Sun, Sep

Ecovate: inspiring greener actions?

Should ‘sustainability’ be replaced with another word - and would it make any difference to how environmentally proactive you’d be? Walter Hale hypothesizes…

“My client’s don’t care about sustainability.” It’s a remark made - and heard - often enough by advertising agencies, marketers and print service providers. Yet can it really be true? After all, even arms manufacturers have taken to warning us that “lead in ammunition can do harm to the environment”. 

It’s more likely that some clients do care about it, but not that much. Some clients - especially consumer-facing ones - care very much. Some are driven by inner conviction, others see it as something their customers expect. And some care in a muddled way - like the multinational drinks giant that decided not to use print to support a particular promotional tour, on environmental grounds, but ended up supplying DVDs instead. You find a similar range of response among print service providers. Some pay lip service but the companies that have been certified as part of the Sustainable Green Printing Partnership in the US cannot be faulted for their commitment. That said, the SGPP is probably not growing as fast as many expected to.

You find a similarly mixed response to sustainability among the public. One survey in the US found that while 62% of consumers believed in climate change, only 59% claimed to understand what ‘sustainability’ meant, and 76% said it sounded ‘expensive’. The confusion is understandable. Much of the responsibility for saving the planet seems to have fallen us - and how much water we put in our kettles to make a cuppa.
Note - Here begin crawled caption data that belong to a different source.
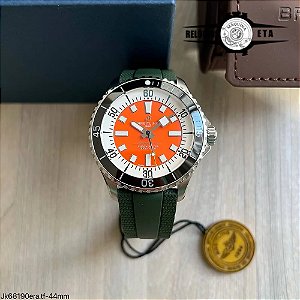 BREITLING SUPEROCEAN ETA KELLY SLATER LARANJA VERDE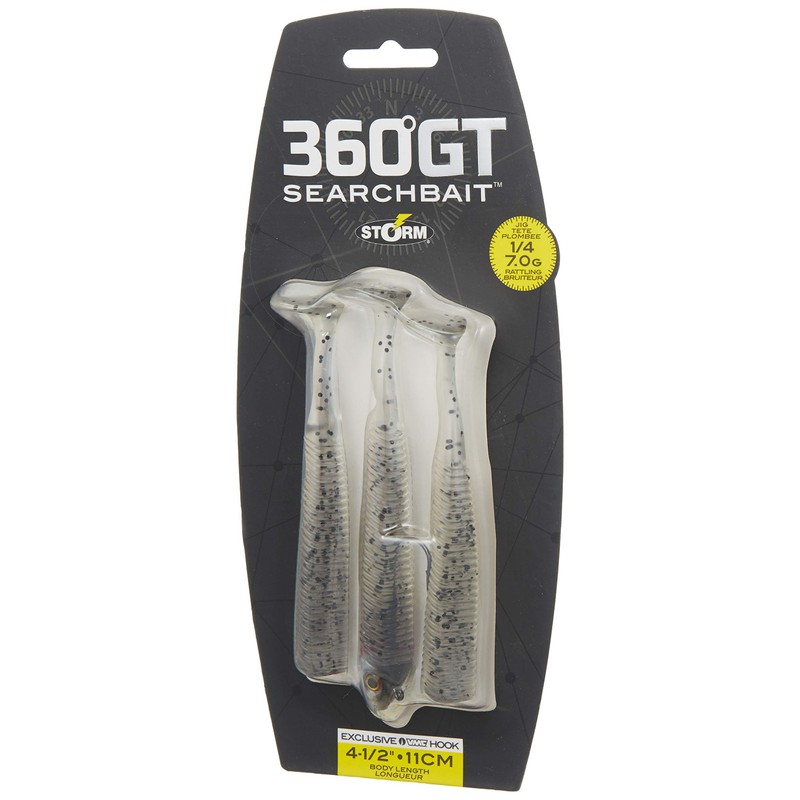 360GT Searchbait Minnow 3.5"- 1/8 oz Smokin' Ghost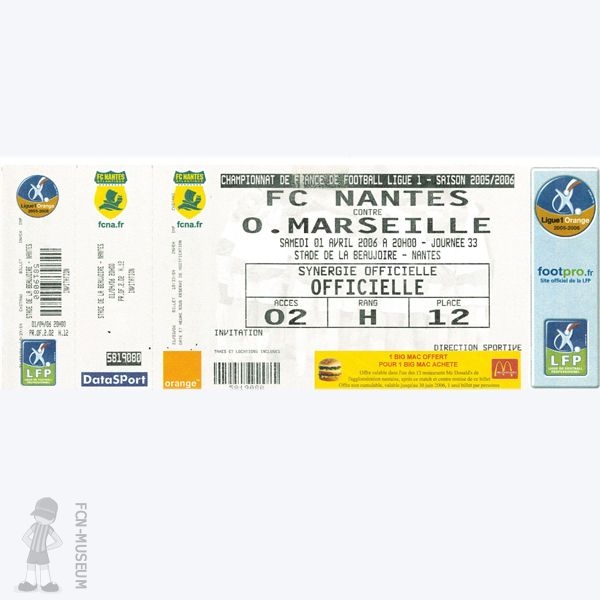 2005-06 33ème j Nantes Marseille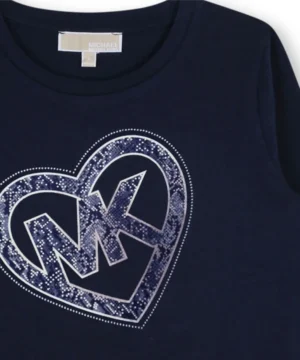 Sweat Coração Michael Kors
In comparison, the public remains unconvinced that business is doing its bit. (Which it needs to do - industrial emissions of carbon dioxide were at a record high last year.) That disconnect can only encourage cynicism and make it harder for humanity to focus on the relatively important task of saving the planet.

For some, the word ‘sustainability’ itself is part of the problem for it can be ambiguous - though we are trying to make the planet ‘sustainable’, we are not trying to ‘sustain’ a status quo that will fry it! 

As Peggy Liu, the founder of the Joint US-China Collaboration on Clean Energy (JUCCCE), said, when she declared that “sustainability is dead”, environmentalism desperately needs to “move from gloom to hope”. With wildfires ranging in various parts of the world, Arctic ice melting and floods seemingly now an annual occurrence even in Britain, there doesn’t seem to be a lot of hope around. The incremental, less visually exciting, steps to a greener world are often overlooked as organisations, in a sincere effort to wake us all up before it’s too late, bombard us with apocalyptic scenarios that one leading environmentalist calls “eco-porn”.

James Bartlett, of the Bartlett Development Planning Unit at the University of Central London, says: “The language should be buried and replaced. To just ‘sustain’ will always fail to capture people’s imagination, just like ‘remain’.” He recommends something more inspirational and positive, such as ‘ecovate’, combining ‘ecology’ and ‘innovate’. Bartlett isn’t saying changing the word alone will make the difference, but it could help, he says, stimulate new thinking about old ways. He cites one example of CO2 waste from an Australian coal-powered plant being used to fuel an energy company’s production of biogas.

Yet Holly Hagerman, who runs a marketing agency dedicated to environmental businesses, says that a greater change is called for. “Like most people, I’m tired of the guilt trip, I’m tired of environmentalism being a political label, and I’m tired of the finger pointing and the promises of a fiery apocalypse.” 

Although climate change deniers have played their part in politicising the issue, Hagerman has a point when she says: “It’s time to stop polarising between those who ‘care’” for the environment and those who are ‘destroying’ it. Truth is we’re all, in small and big ways, having an impact on the environment. So let’s acknowledge the problem, identify what’s standing in our way and take one step to change it.”

That might sound simplistic, but Hagerman’s summary does sound a bit more uplifting than ‘sustainability’. For many companies, including print service providers, going truly green is not quick or easy. It takes method, resource and patience. And, to be done properly - and continuously - it has to be done with joy, zeal and hope.